Code point 9: DoAddInstrumentation is where the user logic to add the new calls to the existing function takes place. See later in this article for the section on DoAddInstrumentation.
After that is the call to moduleUnit->Close(). It does more than simply closes the PEModuleUnit. It also checks if the OutputImagePath is non-null. If it is non-null then it writes out the PEModuleUnit to disk, using the OutputImagePath. Note that we did set the OutputImagePath in code point 7, thus when this program ends it generates a new binary. It also generates a new PDB file, placing it at OutputPdbPath, which we also set in code point 7.
int main(array<String ^> ^ args) {
// Initialize the target architectures.
// 1
Phx::Targets::Archs::Arch ^ arch =
Phx::Targets::Archs::X86::Arch::New();
Phx::Targets::Runtimes::Runtime ^ runtime =
Phx::Targets::Runtimes::VCCRT::Win32::X86::Runtime::New(arch);
Phx::GlobalData::RegisterTargetArch(arch);
Phx::GlobalData::RegisterTargetRuntime(runtime);
// Initialize the infrastructure.
// 2
Phx::Init::BeginInit();
// Init the cmd line stuff.
// 3
::InitCmdLineParser();
// Check for Phoenix wide options like "-assertbreak".
// 4
Phx::Init::EndInit(L"PHX|*|_PHX_", args);
// Check the command line.
// 5
::CheckCmdLine();
// Open the module and read it in.
Phx::PEModuleUnit ^ moduleUnit;
// 6
moduleUnit =
Phx::PEModuleUnit::Open(GlobalPlaceHolder::in->GetValue(nullptr));
// Setup output file name and PDB.
// 7
moduleUnit->OutputImagePath = GlobalPlaceHolder::out->GetValue(nullptr);
moduleUnit->OutputPdbPath = GlobalPlaceHolder::pdbout->GetValue(nullptr);
// Iterator will load symbols implicitly.
// However Load Global Symbols upfront and print total.
// 8
moduleUnit->LoadGlobalSyms();
Phx::Output::WriteLine(L"Total Global Symbols Count - {0} ",
moduleUnit->SymTable->SymCount.ToString());
// Do some useful work on the tool front here:
// 9
::DoAddInstrumentation(moduleUnit);
// Close the ModuleUnit.
moduleUnit->Close();
// If this was not the end of the application it would be best to
// delete the ModuleUnit.
// moduleUnit->Delete();
return 0;
}
The DoAddInstrumentation Function
This function is where we do the meat of the work to instrument the PE image. We instrument the PE image with a call to an imported function at entry to the function which is specified on the command-line.

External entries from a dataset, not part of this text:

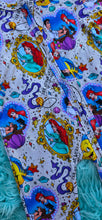 Load image into Gallery viewer, Little Mermaid Bamboo Sleeper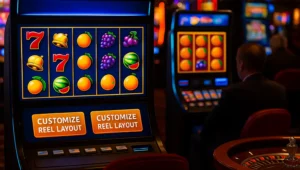 Could Customizable Reel Layouts Upset Traditional Slot Design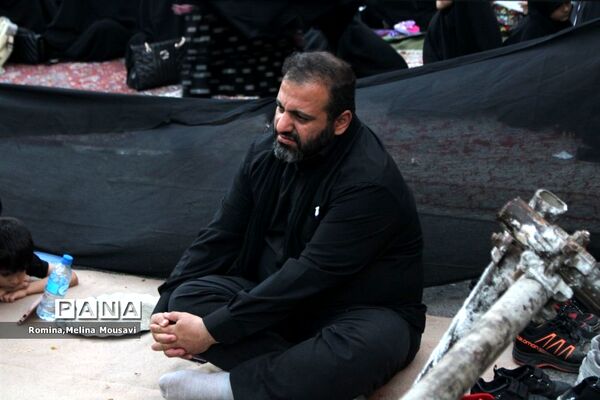 مراسم سوگواری ایام شهادت ابا عبدالله الحسین (ع)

Let’s step back and think about the steps that are required to add a call to a function, even outside of a framework such as Phoenix.
1. Import the DLL that contains the function, F, which we wish to inject into the specified function.
2. Get the import symbol of F from within the import module that we wish to inject into the specified function, S, in the PE file.
3. Get S and find its first instruction.
4. Inject a call to F from the imported DLL before this first instruction in S.
Those are the basic steps that we need to do. DoAddInstrumentation will do these four steps using Phoenix.